Западные женщины, включившиеся в проект освобождения — или на самом деле порабощения — мусульманского мира, оказались замешаны в особо извращенном предприятии. Проект всемирного освобождения использовался для поддержания двух систем подчинения. Рассмотрим случай Линди Ингленд. Улыбающееся лицо Ингленд появляется на многих фотографиях из Абу-Грейб. Мы узнаем ее на снимке с мужчиной на поводке, в женщине, поднявшей два больших пальца рядом с «куча-мала» на полу и весело указывающей на гениталии заключенных.

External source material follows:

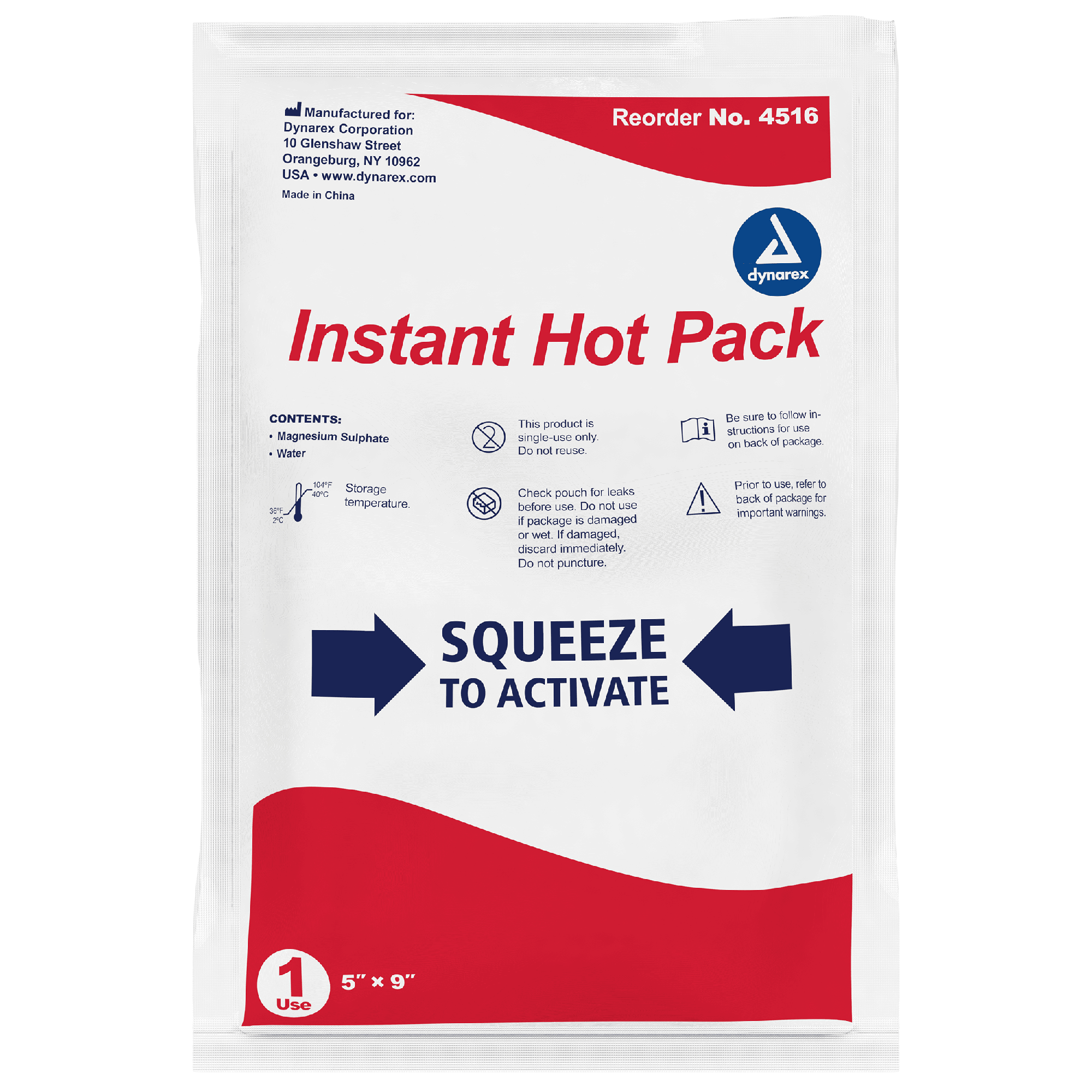 Instant Hot Pack, 5" x 9", 24 counts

Сьюзен Зонтаг заметила, что «большинство изображений кажутся частью более обширной коллекции слияния пыток и порнографии: юная женщина, ведущая обнаженного мужчину на поводке, — это классика фантазии «доминатрикс». Остается только гадать, сколько сексуальных пыток, которым подвергли узников Абу-Грейб, были подсказаны значительным репертуаром порнофантазий, доступных по интернету — и которые обычные люди, вывешивая свои записи через камеры, пытаются имитировать»[78].

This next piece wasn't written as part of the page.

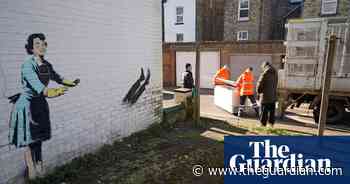 Council removes part of Banksy domestic violence artwork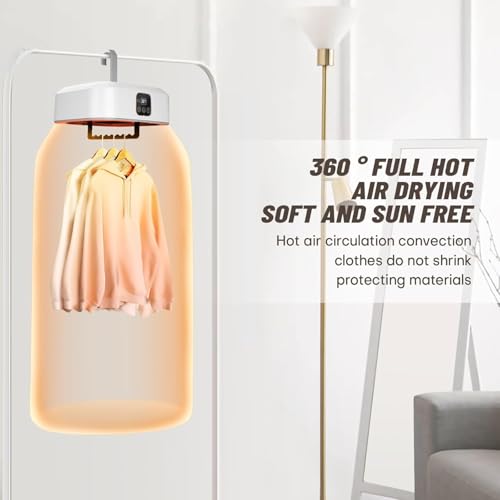 Image of Foldable Clothes Dryer Machine with Hot Air | Fast Drying Laundry Dryer for Clothes, Baby Clothes, Underwear, Towels & Travel, R8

Порнографический аспект фотографий был распознан и использовался священниками-фундаменталистами, которых упрекали за нежелание осудить пытки в Абу-Грейб. Организация «Неравнодушные женщины Америки» (Concerned Women for America, CWA) выпустила две статьи о злоупотреблениях, обе из которых, как заметил один критически настроенный христианин, «обвиняют в действиях солдат американскую порноиндустрию». Роберт Найт из Института культуры и семьи CWA винил гомосексуалистов, феминисток и либералов в «систематическом пособничестве и подстрекательстве культурной нищеты, которая и стала причиной скандала в Абу-Грейб». Глава комиссии по этике и религиозной свободе Южного Баптистского Согласия (Baptist Southern Convention) Ричард Лэнд, отказываясь признавать виновными военное начальство, заявил: «Моральный компас этих людей по какой-то причине отказался работать. Я полагаю, это случилось потому, что они были заражены релятивизмом»[79].